Last week, based on work presented at the 2015 NESSIS, I wrote about an extension of Pythagorean Expectation to tennis, which showed that break point conversion has a strikingly similar ability to predict match wins in tennis as runs predict team wins in baseball. The Pythagorean analyses were based only on the men’s tour. In this post, thanks to match statistics published by Jeff Sackmann of Tennis Abstract, I will examine the existence of a Pythagorean formula for women’s tennis.

Based on over 12,000 matches from 2010 to 2015—the era of the “Premier” tournament structure—, I looked at the Pythagorean strength of 14 performance measures. The “Pythagorean strength” is calculated with the following formula,

$$Win% = X^\alpha/(X^\alpha + Y^\alpha); x; 100.$$

Here, $Win%$ refers to the season percentage of wins out of matches played. The $X$ in this formula is one of the 14 measures of player strength and is the total of that skill across all of a player’s matches in a year. $Y$ is the corresponding total for the opponents that player faced.

For example, if we consider the Pythagorean model for points won on first serve for Li Na in 2010, Na had 45 matches in the database in this year and won a total of 1,105 first serve points in those matches, while her opponents won 949 points. So, the Pythagorean expectation for Na in 2010 based on first serve points won would have $X = 1,105$ and $Y=949$. To complete the calculation, we need the exponent $\alpha$, which is estimated from a least-squares fit. Figure 1. $\alpha$ coefficients for Pythagorean models of 14 tennis performance measures for the WTA, 2010 - 2015

Figure 1 shows the exponents for each performance measure based on 2010 - 2015 match win outcomes for the WTA. First serve won had an estimate of $\alpha = 4.75$. So, going back to the example above, the estimate for 2010 season wins for Na based on points won on first serve was

$$Win% = 1105^4.75/(1105^4.75 + 949^4.75); x; 100 = 67%$$

Her actual win percentage out of the 45 matches included in the analysis was 64%.

In the $BP^2$ model for the men’s tour, the best-fitting exponent was 1.83, very close to the Pythagorean exponent of 2. For the WTA, the breakpoint model’s best-fitting coefficient is 2.28, also close to a Pythagorean relationship but in the opposite direction as the men’s tour. This suggests that an equal improvement in breakpoint conversion over opponents on the women’s tour is associated with a greater increase in win percentage than for the men— suggesting that relative breakpoint strength has a somewhat stronger relationship to win outcomes than men.

But how accurately do these models predict win percentage?

Figure 2 shows that breakpoints won is the strongest predictor of win percentage, explaining 83% of variance with an error of $\pm4$ matches in a 50-match season. This is very similar to the results for the men’s tour. Interestingly, unlike the findings for the men, the second best predictor is total serve points won (rather than breakpoint opportunities), suggesting that greater relative dominance on serve is a greater factor in win outcomes for the women’s tour than the men’s tour. This is consistent with the observation that more breaks of serve occur on the women’s tour.
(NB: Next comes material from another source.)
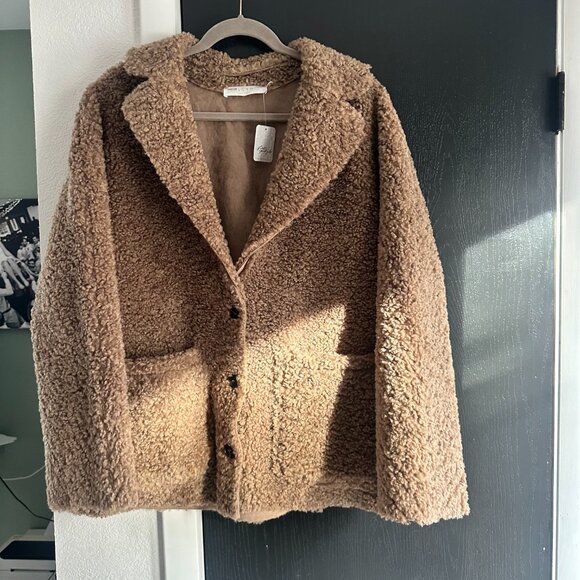 NWT Free People, ASTR the Label Willow Fuzzy Coat, Medium - Picture 10 of 16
One of the most valuable uses of Pythagorean expectation in baseball is for win projection because it outperforms projections based on win-loss record. I showed that this was also true for the $BP^2$ model for men’s tennis. Figure 3 compares mid-season win projections using the $BP^2$ Pythagorean model against a regression model with the most predictive of the 14 performance measures, the same model with player-opponent relative tour rankings, and win-loss record. Looking at the panel on the far right for win-loss, we see a large scatter of points for win-loss projections, indicating that a player’s mid-season match wins could vary widely from where they were at the end of the year. In fact, the error for win-loss in a 50-match season was more than 1 match greater than the error based on $BP^2$— an error rate that was nearly identical to the performance of the multivariate models. Figure 3. Performance of mid-season win projections of $BP^2$ model for WTA against 3 alternatives
Thus, despite a number of difference in the structure and style of play between the men’s and women’s game, the Pythagorean relationship between breakpoints and win percentage holds up for both tours. There is even some evidence in the findings presented here to indicate that the $BP^2$ model outperforms win-loss record even better for the women’s game than the men’s. For both tours, $BP^2$ promises to be a simple and useful tool for accurately evaluating player strength.